Anna Breitenbach versteht es, die Leerstellen zu umreißen, die gute Poesie ausmachen. Was dem lyrischen Ich fehlt, ist das im entscheidenden Moment nicht Benannte:
"Ein Hund und // In dem Wäldchen, / in dem ich immer mit / meinem Hund war, / finde ich den alten Baum / mit den Wurzeln, / zwischen denen immer / ein Wässerchen war / für den großen Durst. // Das Wässerchen ist / immer noch da, wo ich / mit meinem Hund war." (S.152).
Die Autorin denkt vordergründig Negatives neu, deutet es um in Verse, die uns Lesern die Hoffnung hinterhertragen - und schafft den Spagat, dass uns genau dieses lyrische Ergebnis dann als schöne Selbstlüge vorkommt:
"Herbstirrtum // Die Blätter fallen... / Das sieht nur so aus! / In Wirklichkeit lassen / sie los, zum Fliegen." (S.170).
Die vermeintlichen Realisten blicken von vorn auf eine Sache. Breitenbach blickt schräg von der Seite, manchmal auch von hinten und benutzt dabei nüchterne Worte, die in ihrer Gestaltung gleichwohl Poesie werden. Der verschobene Blickwinkel verschafft unverhofft neue Einsichten, zieht der Leserschaft ein Stück Boden unter den Füßen weg, nicht jedoch, ohne ihr gleichzeitig ein anderes Stück unter die Füße zu schieben - oder ihr zumindest eine geistige stabile Seitenlage zu verschaffen. Der Reiz der Dekonstruktion durch den Leser besteht eben gerade darin, dass zunächst fraglich scheint, ob hier überhaupt etwas zu dekonstruieren ist. Die Antwort ist so einfach wie ambivalent: jein. Die Breitenbachschen Verse sind uneingeschränkt auch einem lyrisch unvorbelasteten Publikum zugänglich, doch beim zweiten und dritten Lesen kommen zweite und dritte Ebenen hervor, die die Texte auch für geübte Lyrikrezipienten spannend machen. Diese Gedichte sind stille, tiefe Wasser, die sich als flache Pfützen tarnen, aber auch augenzwinkernd dem Nichtschwimmer einen Rettungsring zuwerfen.
In zwölf Kapitel ist das Buch mit seinen immerhin 180 Seiten aufgeteilt, deren Zwischenüberschriften häufig von Alliterationen geprägt sind: so lesen wir neben "Haus und Hof" auch von "Angst und Anwandlung" oder von "Krankheit und Krise". Formal ein wenig aus dem Rahmen fällt die Abteilung "Sachen und Sammlung", die als einzige ein paar Gedichte enthält, die tatsächlich einmal länger sind als eine Seite und zum Teil auch eher als lyrische Prosa bezeichnet werden können, die dennoch in ihrer Prägnanz gut in den Gesamtzusammenhang passen.

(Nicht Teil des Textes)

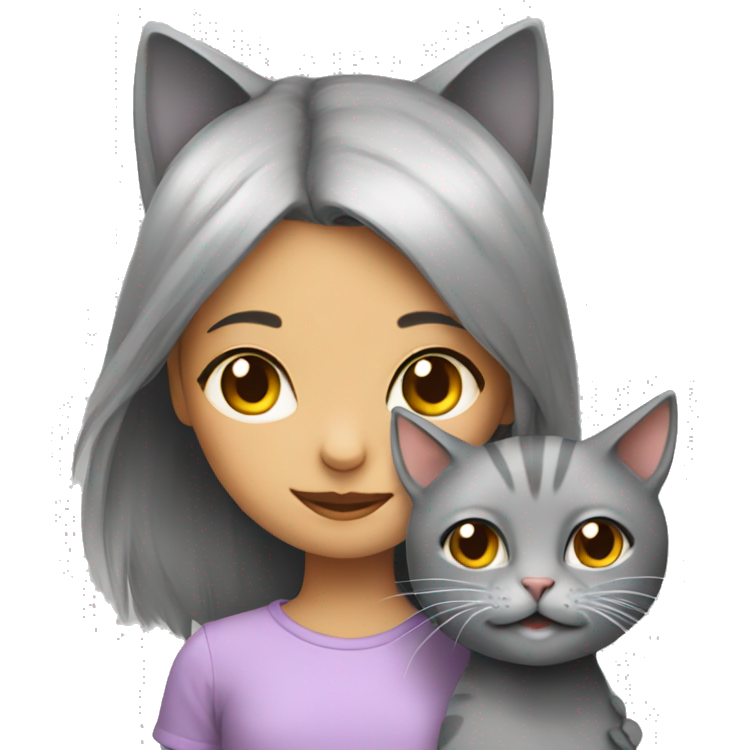 Grey kitty with girl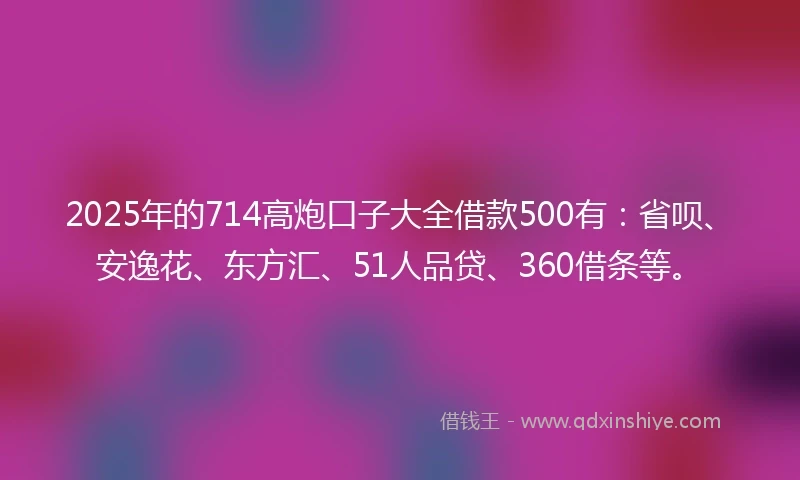 2025年的714高炮口子大全借款500有：省呗、安逸花、东方汇、51人品贷、360借条等。
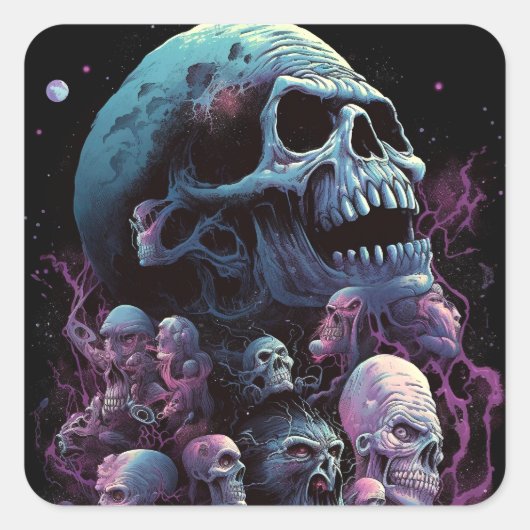 Skulls Monsters Horror Art Vierkante Sticker (Voorkant)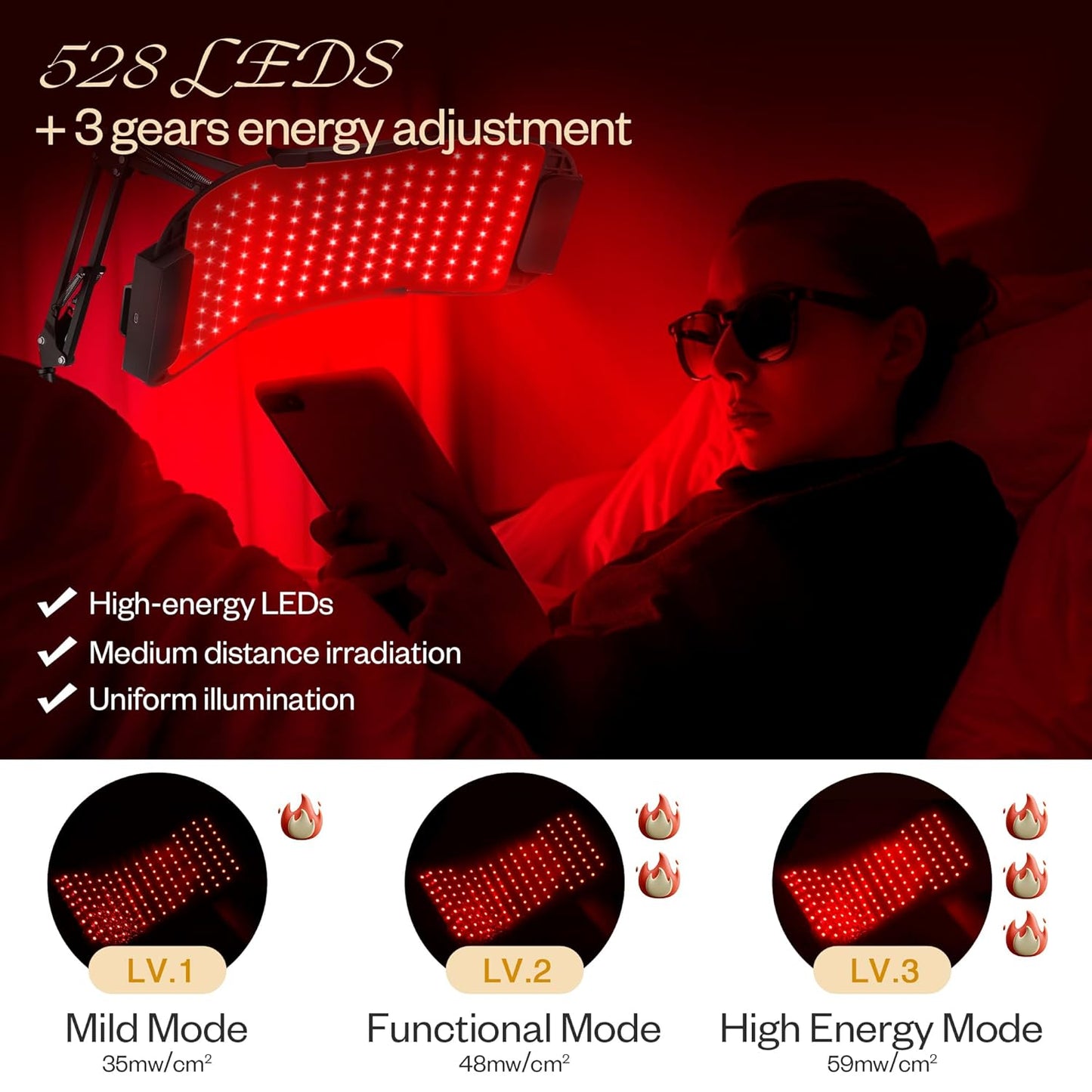 Red Light Therapy for Body and Face, 850Nm Near-Infrared Light Therapy LED 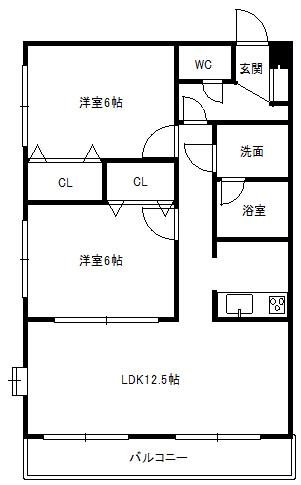 アーバンコートS20(2LDK/3階)の間取り写真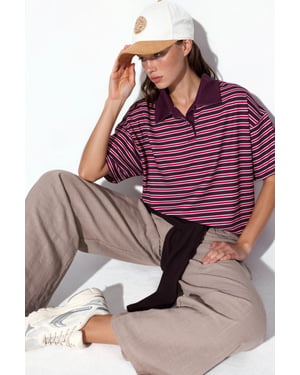 Striped Oversized Fit Polo T-Shirt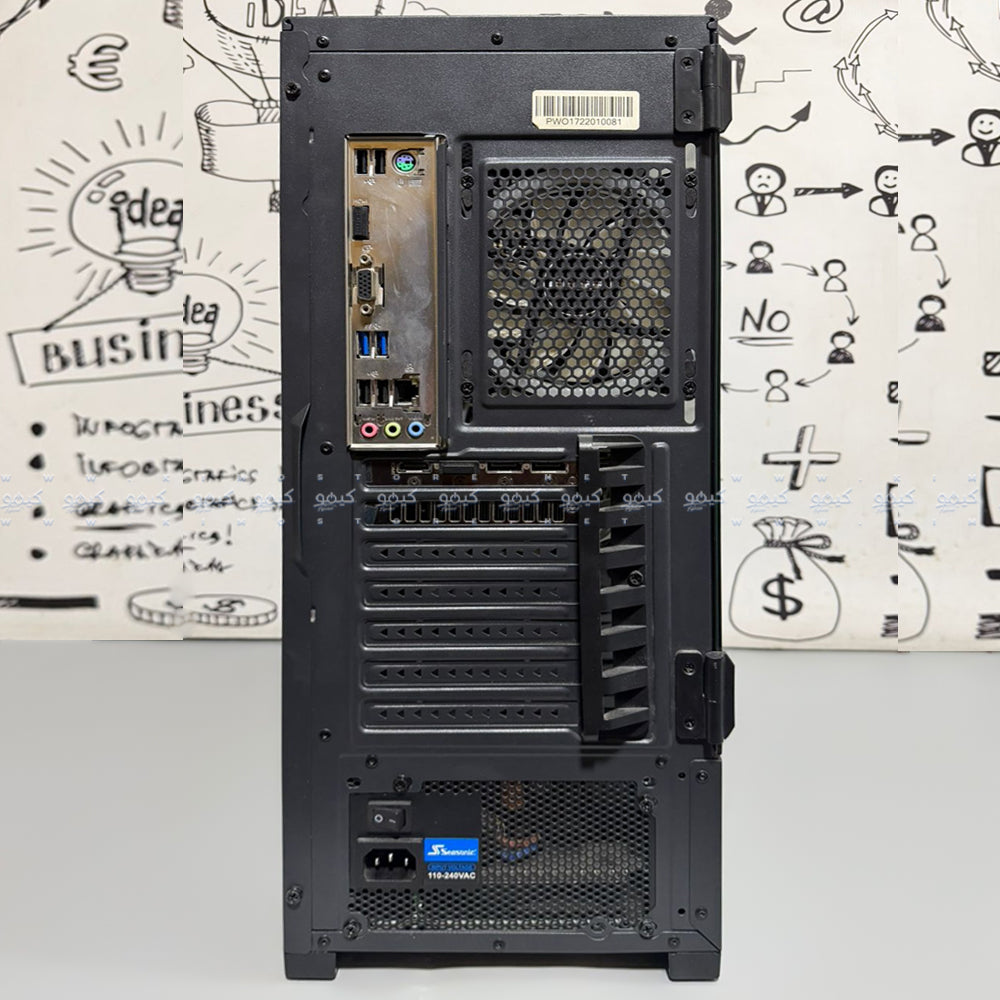 كيس ميد تاور تو بي جيمينج (انتل كور i7-12700F - رام 32 جيجابايت (2x16) - هارد كينجستون 500 جيجابايت NVMe PCIe M.2 SSD - اسوس جيفورس12 جيجابايت RTX 3060 GDDR6 - مازربورد اسوس برايم H610M-K D4- باورسبلاى سيسونيك 650W) تجميعة استعمال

Zwölf Kapitel für zwölf Monate des Jahres? Es scheint, dass man das Buch vor allem als lyrische Handreichung für jeden Tag verstehen kann: beginnen oder beschließen Sie ihn mit einer knappen Erkenntnis aus Anna Breitenbachs "Haus und Hof, Sachen, Leute". Dergestalt gelesen reichen die Texte leider dann doch nur für wenige Monate. Bleibt zu hoffen, dass Dichterin und Verlag bald auch "brauchbare Gedichte" für das restliche Lyrikjahr nachschieben.